| 研究概要 |
本特別推進研究3年間のプロテアソームに関する研究において、以下の研究成果を得た。
(1)分子構造解析研究:細胞内でプロテアソームはATP非依存性の20S型とATP依存性の26S型複合体の二つのアイソフォームとして存在すること証明し、種々の物理学的方法により、各々の分子量が約75万と200万であることを決定した。ラット及びヒトの20Sプロテアソームを構成する7種のα型サブユニットと9種のβ型サブユニット群の一次構造をcDNAクローニングにより決定し、その新規性と類似性を基礎に「プロテアソーム遺伝子ファミリー」の概念を提唱した。またウシ酵素の結晶化とX線回折撮影にも成功した。26Sプロテアソームについては高分解能電子顕微鏡解析からキャタピラ-構造モデルを提案するととも総数50個のサブユニット群の同定に成功した。これらの結果より、エネルギー依存性の26S型プロテアソームは細胞内で非常に複雑な分子構成をもつ巨大な蛋白質超分子複合体として存在することが判明した。
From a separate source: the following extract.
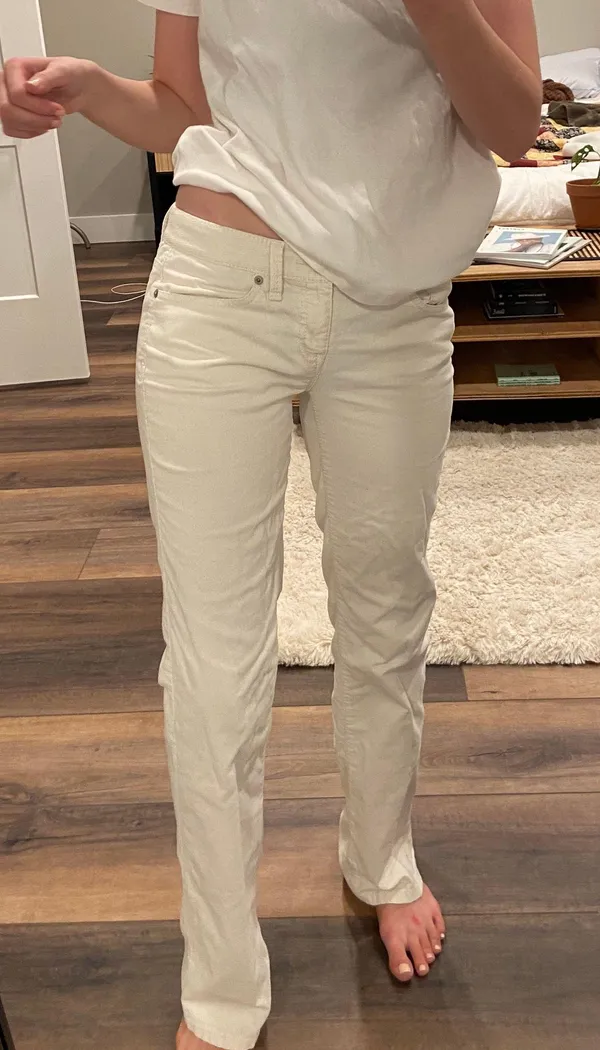 Vintage Y2K Low Rise White Corduroy Bootcut Jeans - Image 2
(2)分子機能解析研究:ユビキチン・システムは標的蛋白質に結合して分解シグナルを提示する機能をもち、このユビキチン化された蛋白質を26S型プロテアソームがエネルギー依存的に分解することを証明した。更にこの酵素複合体が細胞内での半減期が最も短いオルニチン脱炭酸酵素をユビキチン非依存的に分解することを世界ではじめて明らかにした。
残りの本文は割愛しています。